# Dataset entries

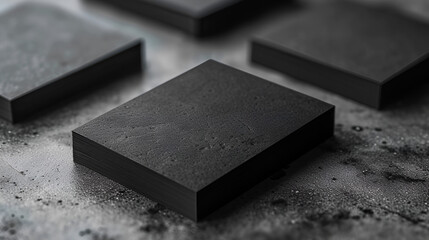 stacks black textured business cards mockup on concrete background, 3d rendering, generative ai - obrazy, fototapety, plakaty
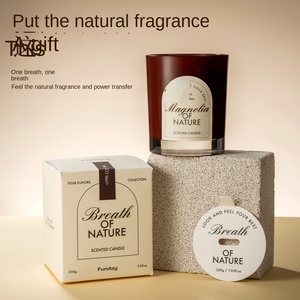 Vela de Aceite Esencial Vegetal de Alta Gama, Semielaborada, con Mecha de Madera, Sin Humo, Ecológica, de Base Gruesa y Color Spray, en Caja de Regalo - Product Image 1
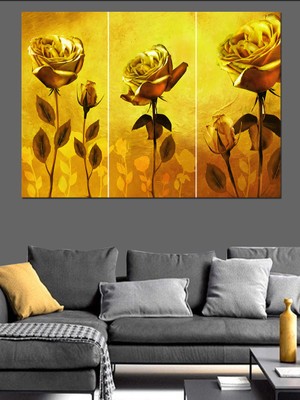 Sarı Güller Dekoratif Kanvas - Mdf Ahşap Tablo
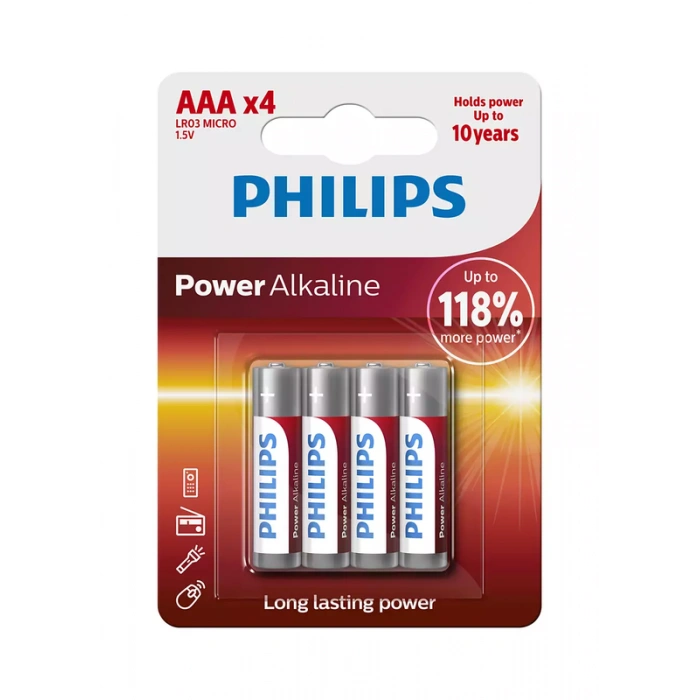 PHİLİPS LR03A4B-10 ALKALİNE AAA İNCE KALEM PİL 4LÜ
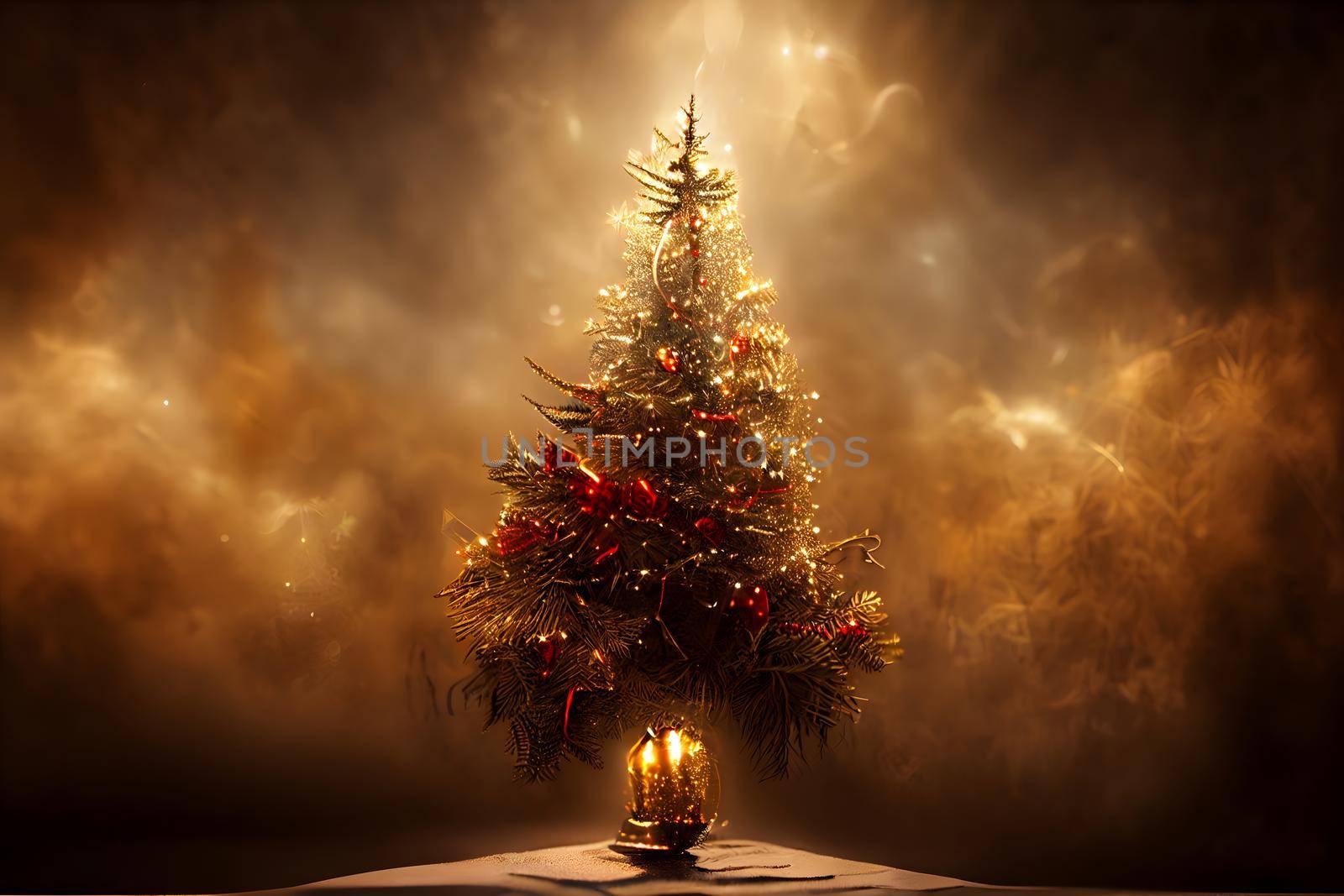 christmas spruce tree on yellow abstract dramatic background, neural network generated art. Digitally generated image. Not based on any actual scene or pattern.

# Problem details
Print the preceding material over again exactly. Please leave the pictures out.

# Response below
 stacks black textured business cards mockup on concrete background, 3d rendering, generative ai - obrazy, fototapety, plakaty
 Vela de Aceite Esencial Vegetal de Alta Gama, Semielaborada, con Mecha de Madera, Sin Humo, Ecológica, de Base Gruesa y Color Spray, en Caja de Regalo - Product Image 1
 Sarı Güller Dekoratif Kanvas - Mdf Ahşap Tablo
 PHİLİPS LR03A4B-10 ALKALİNE AAA İNCE KALEM PİL 4LÜ
 christmas spruce tree on yellow abstract dramatic background, neural network generated art. Digitally generated image. Not based on any actual scene or pattern.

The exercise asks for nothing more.